Extracted data entries
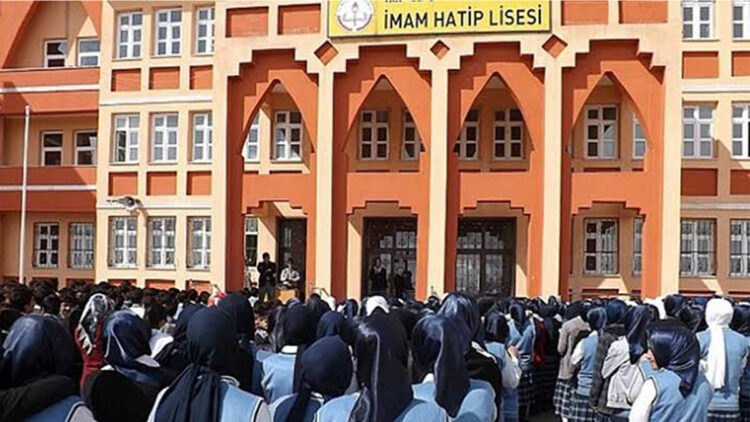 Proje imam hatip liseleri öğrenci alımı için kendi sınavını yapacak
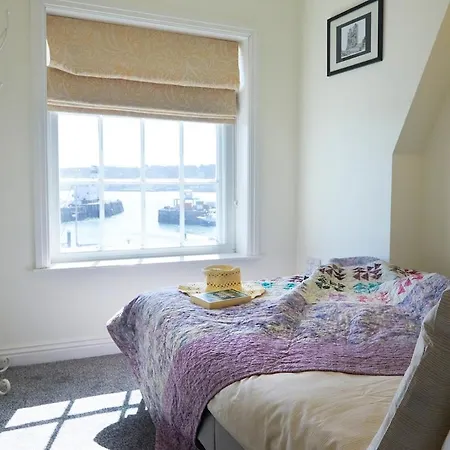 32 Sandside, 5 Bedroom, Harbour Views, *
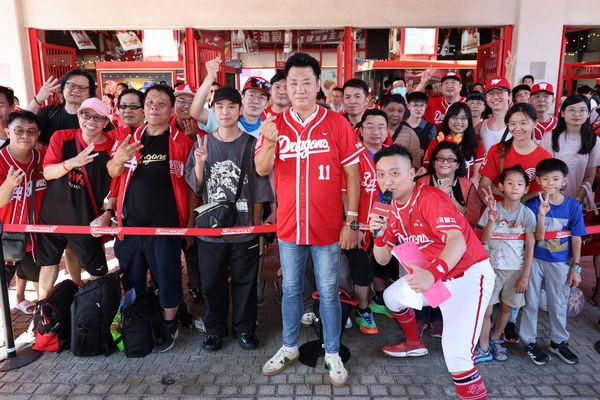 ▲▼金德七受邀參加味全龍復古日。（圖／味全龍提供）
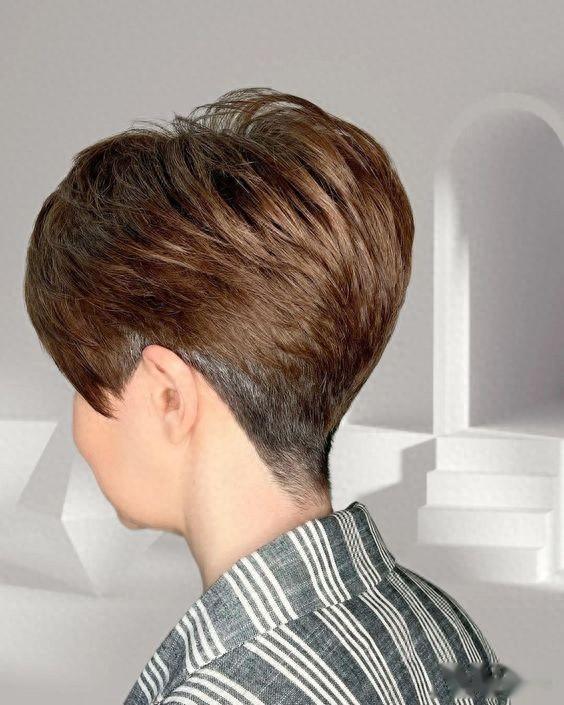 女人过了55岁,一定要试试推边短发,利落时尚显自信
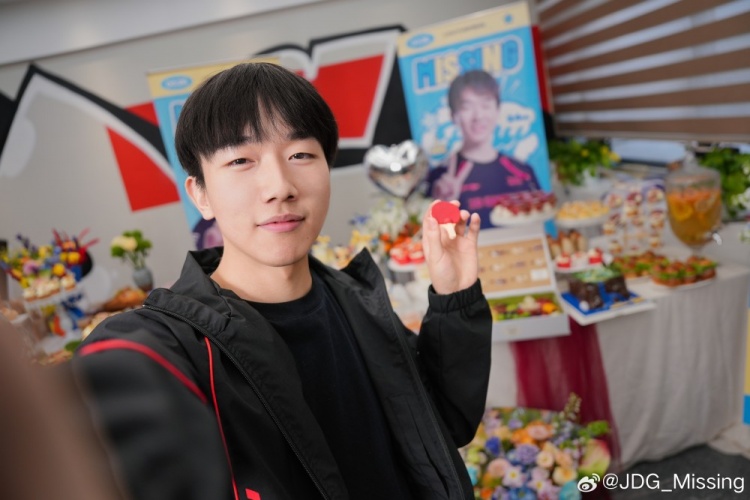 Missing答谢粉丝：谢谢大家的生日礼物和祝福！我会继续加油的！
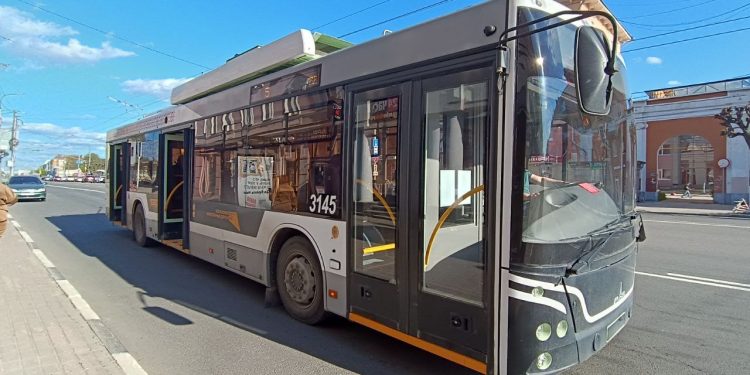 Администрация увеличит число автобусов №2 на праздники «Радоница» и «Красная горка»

- Problem -
Pictures aside, reproduce every record exactly as it stands.

- Task output -
 Proje imam hatip liseleri öğrenci alımı için kendi sınavını yapacak
 32 Sandside, 5 Bedroom, Harbour Views, *
 ▲▼金德七受邀參加味全龍復古日。（圖／味全龍提供）
 女人过了55岁,一定要试试推边短发,利落时尚显自信
 Missing答谢粉丝：谢谢大家的生日礼物和祝福！我会继续加油的！
 Администрация увеличит число автобусов №2 на праздники «Радоница» и «Красная горка»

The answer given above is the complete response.